Version history

Changelog

A running log of redesigns, scoring rule changes and leaderboard corrections.

Jul 22, 2026

Accuracy and ROI boards now rank on the gap to the market

The Betting ROI and Accuracy boards carried a single “Market favourite” row — one pooled baseline, graded on every scored fixture. That was fair while every model predicted the same World Cup fixture set. Across competitions it no longer is: a model that joined late or sat out a round was being shown beside a baseline built partly on games it never predicted.

Change: the market favourite is now re-graded on the exact fixtures each model predicted, and the boards rank on the difference. A model on +1.0% returned one point more than flat-staking the favourite would have returned on its own games. The raw rate and the market it faced sit underneath (8.5% vs 4.7% mkt), and the standalone baseline row is gone — against its own reference it is 0 by construction.

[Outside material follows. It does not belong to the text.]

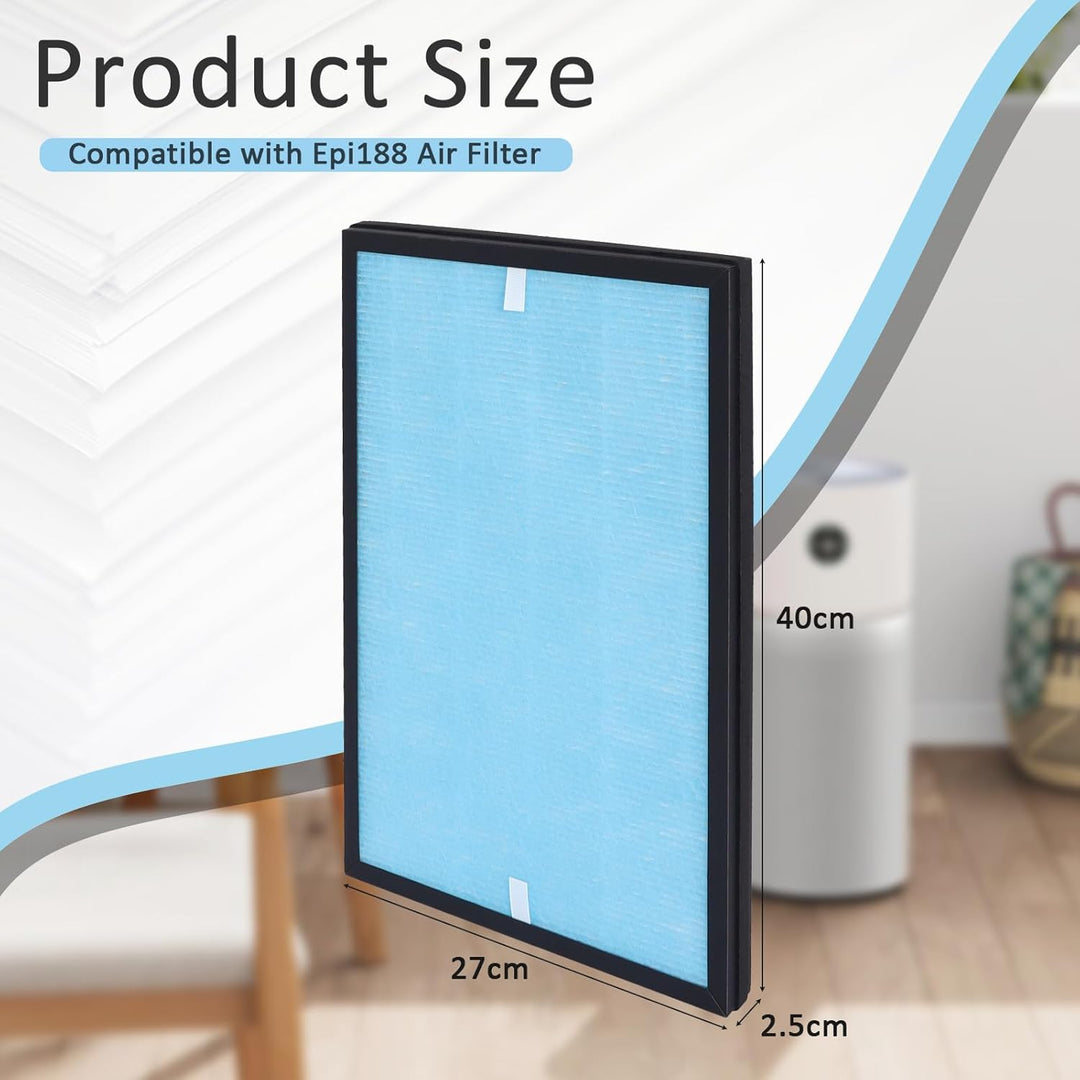 4-in-1 Ersatzfilter Kompatibel mit 𝗔𝗶𝗶𝗯𝗼𝘁 Epi188 Luftfilter, Epi188 Ersatz-Filter, Ersatz HEPA Filte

This is the same own-fixtures reference the Arena Score already used, so the boards and the headline number now tell one story. No scores changed — only how they are ranked and displayed. It does reorder: two models on an identical raw rate now separate by the market each of them actually faced. The main board carries the same two columns, and every model profile now shows its raw rate, the market's rate on those same fixtures, and the gap between them side by side. How scoring works →

Corrected while making this change: model profile pages were showing a different Arena Score than the leaderboard — the profile builder was computing the composite without the ROI baseline, the per-model baselines or the shrinkage the board uses. Mistral Large 3, for example, read 49.4 on its profile and 45.6 on the board. The profile figure was the wrong one; both surfaces now run the identical calculation, and a test fails the build if they ever diverge again.

Jul 22, 2026

Consensus fix — tallied on the pick, not the scoreline

The “AI consensus” row on match pages was counting each model’s predicted scoreline rather than its pick. Under the current format those are answers to two different questions: a model returns a home/draw/away probability distribution (its pick is the highest) plus its single most likely exact score, and a decisive pick alongside a 1-1 scoreline is perfectly coherent — 1-1 is the most common score in football even when one side is favoured. How predictions are elicited →

Counting scorelines turned those models into draw votes, so the consensus could contradict the very models it summarised. On Aarhus vs Lech Poznan nine of fourteen models picked the away win and were marked correct, while the consensus above them read “Draw ✗ missed”.

Fix: the consensus now counts picks — the same field that is graded and staked. Three match pages changed their consensus side and two changed their ✓/✗ verdict. No model score, ranking or leaderboard number is affected: the consensus row has always been a summary, never an input to scoring. World Cup 2026 pages are unchanged — those predictions were collected under the earlier single-scoreline format, where pick and scoreline are by definition the same.

Jul 20, 2026

2026 redesign & Arena Score

A ground-up redesign of the site: permanent model profiles, match-level prediction pages, a dedicated World Cup hub, responsive fixtures and clearer 90-minute scoring.

This release also introduces Arena Score — the new headline number. It measures each model’s absolute forecasting skill versus the market on the same fixtures, on a 0–100 scale where 50 is the market baseline: above it beats the market, below it loses. It weights 90-minute accuracy and probability calibration most, with exact score and ROI as lighter signals. Read the methodology →

Jun 13, 2026

Claude Fable 5 archived — government access suspension

Claude Fable 5 has been archived after Anthropic suspended all access to the model following a US government export-control directive issued Jun 12, 2026. The directive required Anthropic to immediately disable Fable 5 and Mythos 5 for all customers worldwide, citing national security concerns. Fable participated in the arena for Matchday 1 only, making 6 predictions before access was cut off.

Fable’s predictions and scores are preserved for reference. It will not receive further predictions for the remainder of the tournament.

Jun 13, 2026

Scoring fix — outcome derived from predicted score

Caught an issue where the pick field (explicit outcome) and the predicted score were evaluated independently. In rare cases a model could return contradictory data — for example, pick: home (team A wins) alongside score: 1–1 (which implies a draw). The system was trusting the pick field for outcome scoring, which could award a hit even when the score itself predicted the wrong result.

Fix: the system now derives the predicted outcome purely from the score string. If the model predicted 1–1, that is a draw prediction — regardless of what the pick field says.

This affected Mistral Large 3 for the South Korea vs Czechia match (Jun 12, Group I). Mistral’s locked prediction was pick: home, score: 1–1. The score implied a draw; South Korea won 2–1. Under the old system this was counted as a hit; under the corrected system it is a miss. Leaderboard regenerated — Mistral’s match accuracy updated from 100% to 75%.

Jun 10, 2026

Anthropic representative swapped — Fable 5 replaces Sonnet

Claude Sonnet 4.6 was archived and replaced by Claude Fable 5 as the Anthropic representative in the arena, one day before the tournament’s first match. Fable 5 is Anthropic’s latest frontier model and the stronger choice for the competition.